WORK REQUEST
Below is a block of records: output all of them exactly and leave out the pictures.

————

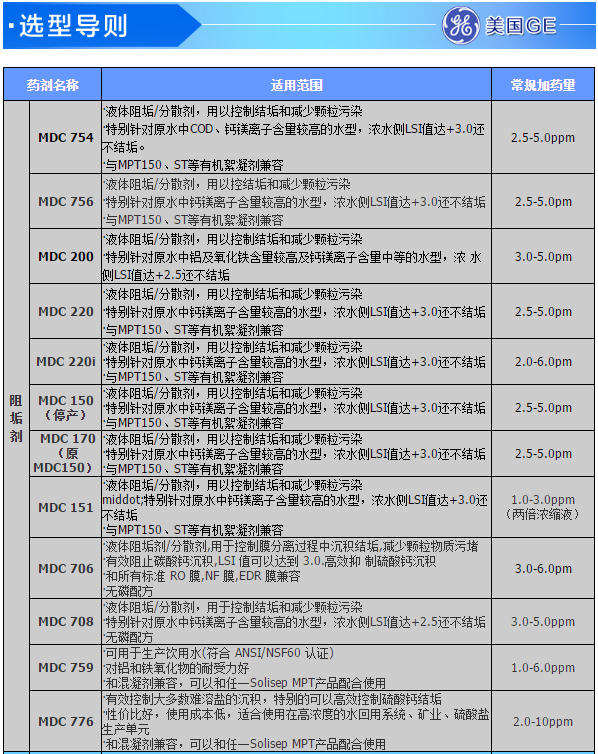 美国贝迪GE 絮凝剂MPT150 纯水预处理药剂
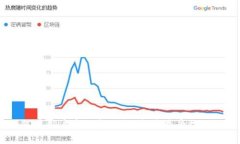 Tokenim：如何在用户中脱颖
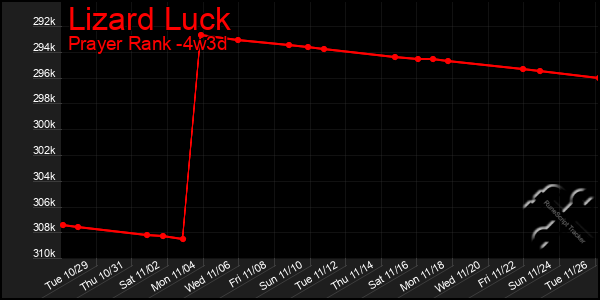 Last 31 Days Graph of Lizard Luck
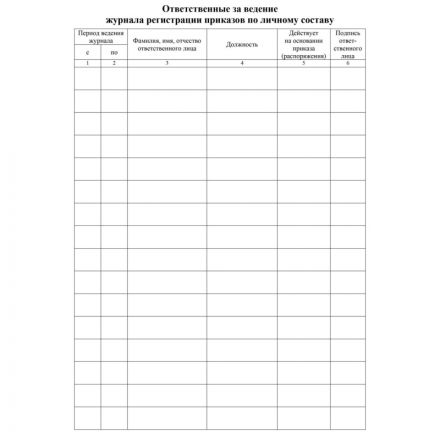 Журнал регистрации приказов по личному составу А4 64стр офс,мел.карт КЖ-666
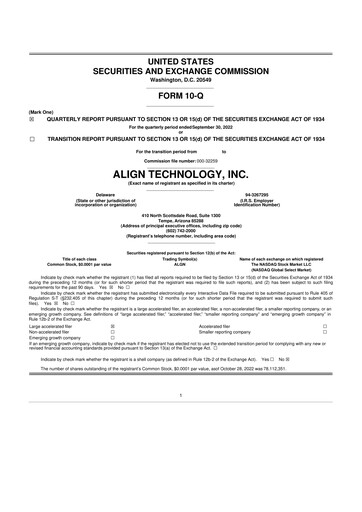Miniature Align Technology
 10-Q Rapport trimestriel 2022 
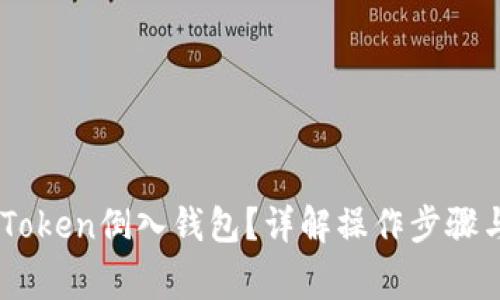 什么是ImToken倒入钱包？详解操作步骤与注意事项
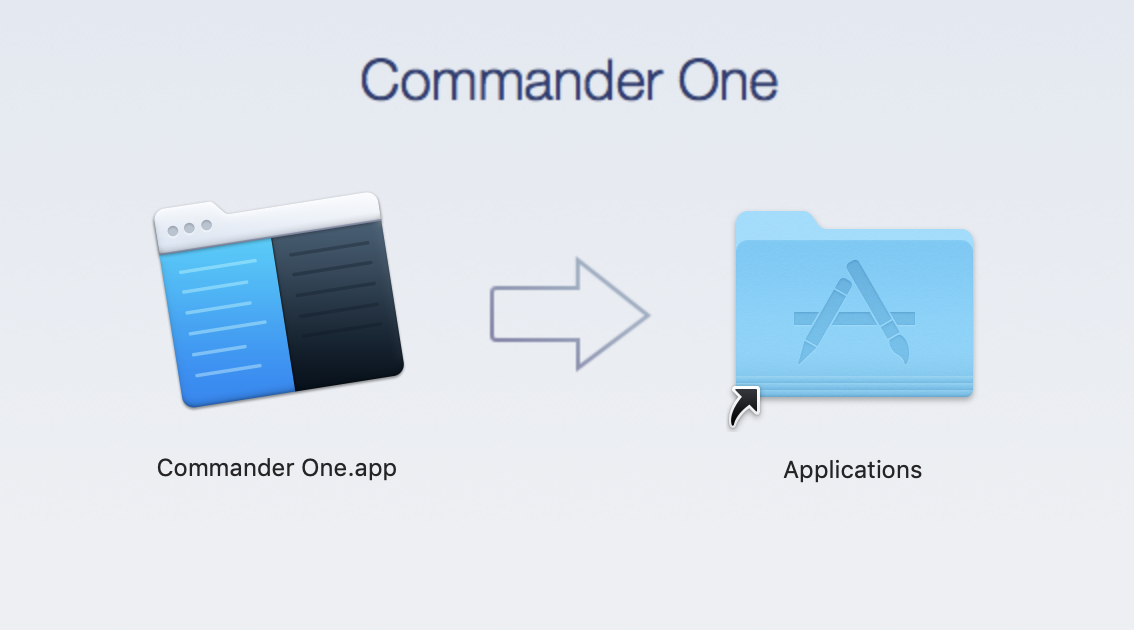 commander one ftp for mac review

————

RESPONSE TO THE TASK
 美国贝迪GE 絮凝剂MPT150 纯水预处理药剂
 Tokenim：如何在用户中脱颖
 Last 31 Days Graph of Lizard Luck
 Журнал регистрации приказов по личному составу А4 64стр офс,мел.карт КЖ-666
Miniature Align Technology
 10-Q Rapport trimestriel 2022 
 什么是ImToken倒入钱包？详解操作步骤与注意事项
 commander one ftp for mac review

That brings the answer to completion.